With Dawson, you have the mother freak-folker of the modern era. The mommy, who proclaims herself still to be more DIY than anything, even with her mini-van (which, when she's loading it, some days, she feels like the act is a form of emoting), is a fountain of information, telling us more about herself in four or five minutes than is actually possible to learn about another person, even under scrutiny or a direct line of questioning. She gives us all of the juicy details that we never would have thought to ask and we think that this is all healthy. It's healthy for her - the woman with the addictive personality -- and it's healthy for us to hear someone unloading so freely, so unfiltered. It's an outpouring of positively charged sentiments that were spurred on by negative vibes or witnessing people being mean or rude to one another for no good reason. Dawson has a keen sense for that which just feels wrong, for that which doesn't allow someone she cares about to feel the maximum amount of the warm fuzzies about who they are, or about who they want to be.

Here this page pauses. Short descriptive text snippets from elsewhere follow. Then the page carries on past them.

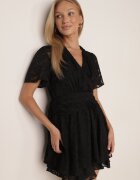 retro & icone Rochie Neagră cu croială evazată cu decolteu cu capse Uzimira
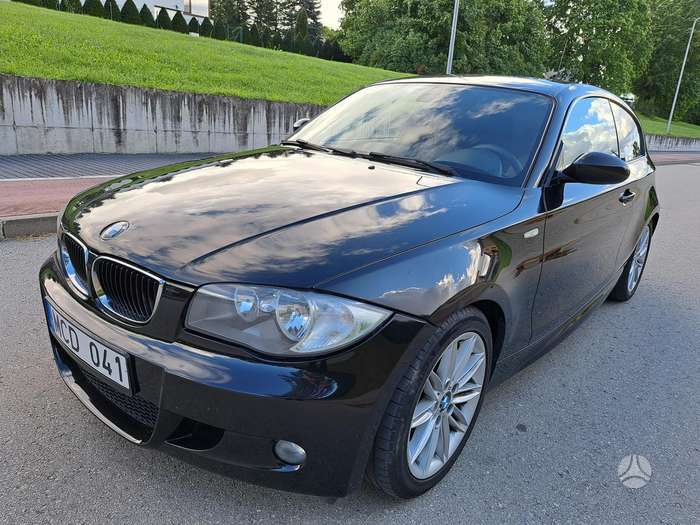 BMW 118, 2.0 l., hatchback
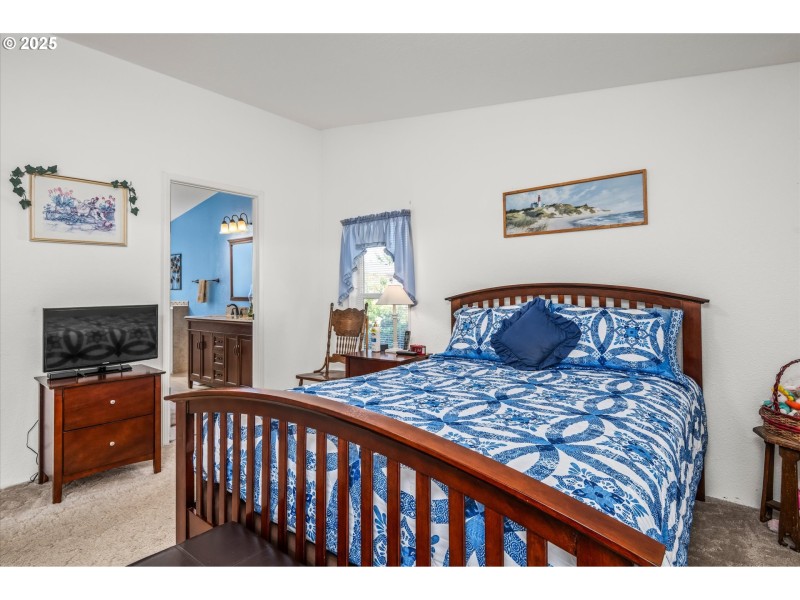 Owner's Suite Bedroom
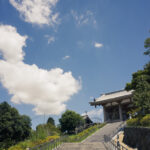 木造瓦葺きの五重塔がある願昭寺に行って写真を撮ってきた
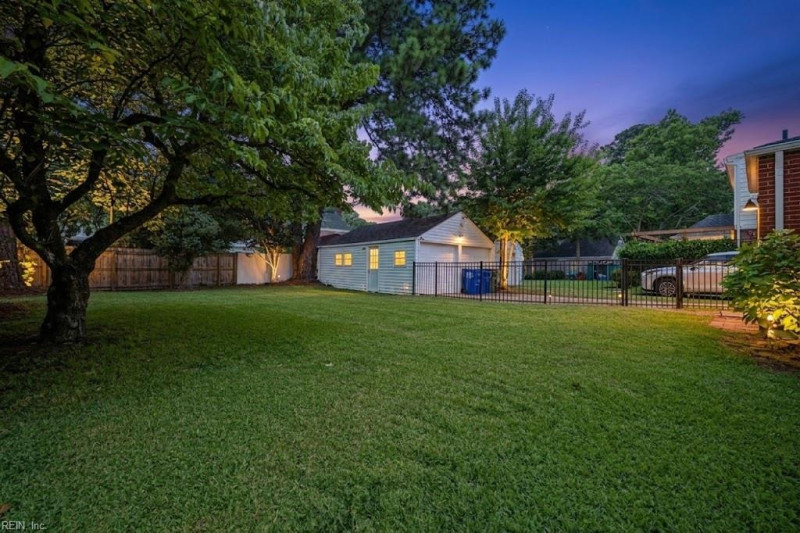 Photo 37 of 44 residential for sale in Norfolk virginia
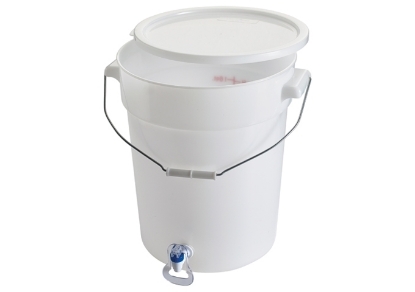 6 gallon Winco beverage dispenser with drip-free faucet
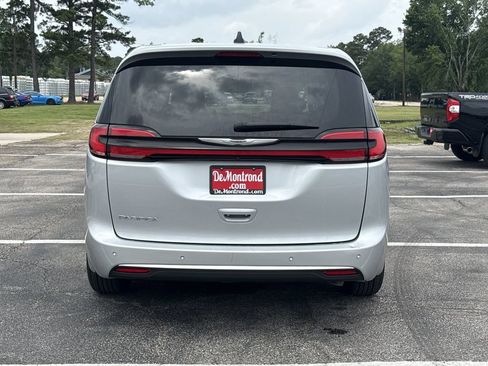Used 2024 Chrysler Pacifica Touring-L FWD image 6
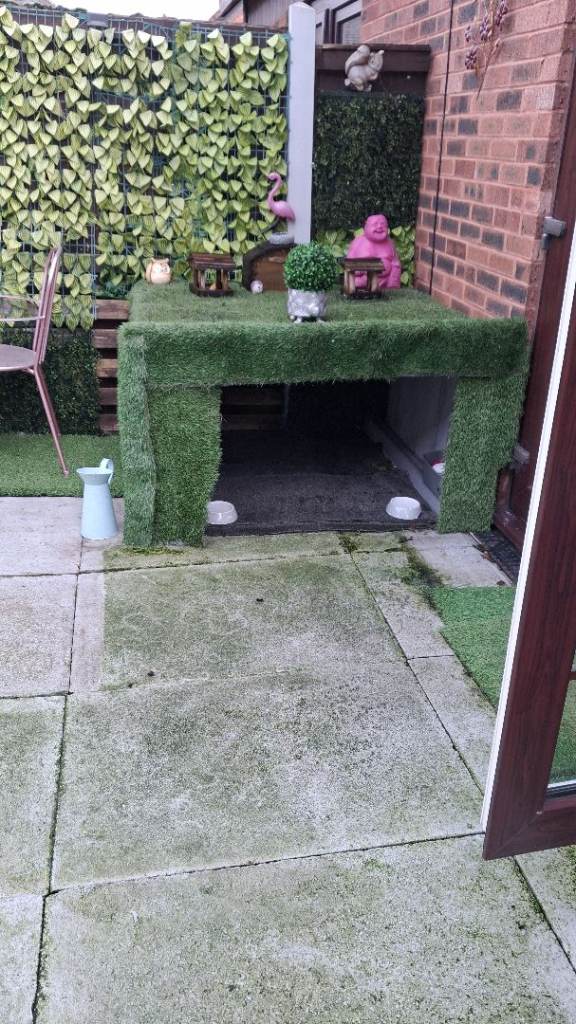 Garden bar/dog kennel 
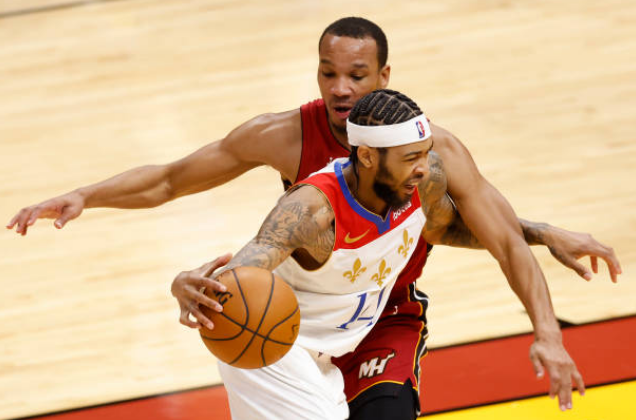 正負值+23全隊第一！Bradley首秀就立功，撕咬式防守完美契合熱火！（影）-黑特籃球-NBA新聞影音圖片分享社區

She is a champion for the weirdos and the freaks. She's for the individuals who just want to be happy, any way they possibly can. They're not trying to start a riot or cause any harm to anyone else. They just want happiness. Dawson insists that all of the weirdos, the freaks, and every other peaceful soul deserves this. There's the friend that she sings about on this session who isn't famous, but he grows his own food and, if you were to come to visit him - stranger or friend, he would try to feed you. Dawson correctly insists that this makes him famous. Or, he should be famous for having such a kind heart. These are the people that she fills her world with and she can't help but want to tell everyone about them, along with painstakingly enumerating all of the shit that doesn't belong in a harmonious world. She feels that if she does this, she and her loved ones have a better chance of more happiness.